Option Trading: Make Sure You Understand The Risks
If you negotiate the right to buy or sell a specific amount of a certain stock at some time in the future at a certain price you are doing option trading. This has the advantage of leverage and is being done by more and more investors all the time.
Option trading can be used as insurance to protect your investments from an unexpected slide in the market. This is what is meant by using a hedge. You buy a put option which gives you the right to sell a stock at a certain price no matter what the current market price of the stock is. If the price of the stock rises then eventually you will let the put option expire and lose what you paid for the put. This reduces the upside potential of the stock while protecting you from losses.
Another conservative option strategy is sell calls while owning the underlying stock. This is called covered call writing; it is a strategy often used by investors to generate additional income on stocks already in their portfolio. This strategy provides limited downside protection in case stock prices fall.
If the stocks drop just moderately, a covered call writer may cushion the blow of the decline since she or he is entitled to a premium for selling calls. But if stock prices drop dramatically, the investors will still lose money as the premium received for calls won’t offset mounting losses in underlying stocks.

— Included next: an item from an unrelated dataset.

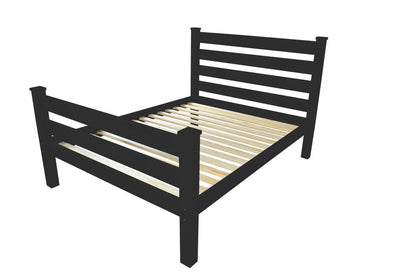 Black Solid Wood Queen Bed Frame HomeRoots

If you are willing to take on a high level of risk then you can use leverage to turn small amounts of money into large profits. If you buy an option it gives you right to do something or you can let it expire worthless. Buy call options if you expect rising prices. To speculate on rising prices you either buy calls or sell puts.
If you think the price of the underlying security will go down, then you make money by buying a put now and selling it at a higher price later. To benefit from falling prices you make money by buying puts or selling call options. This is a way to leverage profits but it also leverages losses if you bet the wrong way. If are betting on increasing prices and the option expires before the price goes up, you can’t lose more than the amount you paid plus commissions.
Conversely, speculators who sold the options may lose a great deal more than the premium they got for selling. If you do not comprehend all the terminology of option trading, you may easily gain access to the Options Dictionary as part of your stock option education.
Option trading are generally defined as a contract between two parties in which one party has the right but not the obligation to buy or sell a specified amount of an underlying security at a specified price within a specified time. The great leverage through options attracts more and more speculators. A very conservative option strategy is to sell calls while you own the underlying stock. If you find all the terminology confusing regarding options trading, do a little research with the help of the Options Dictionary as a part of your stock option education.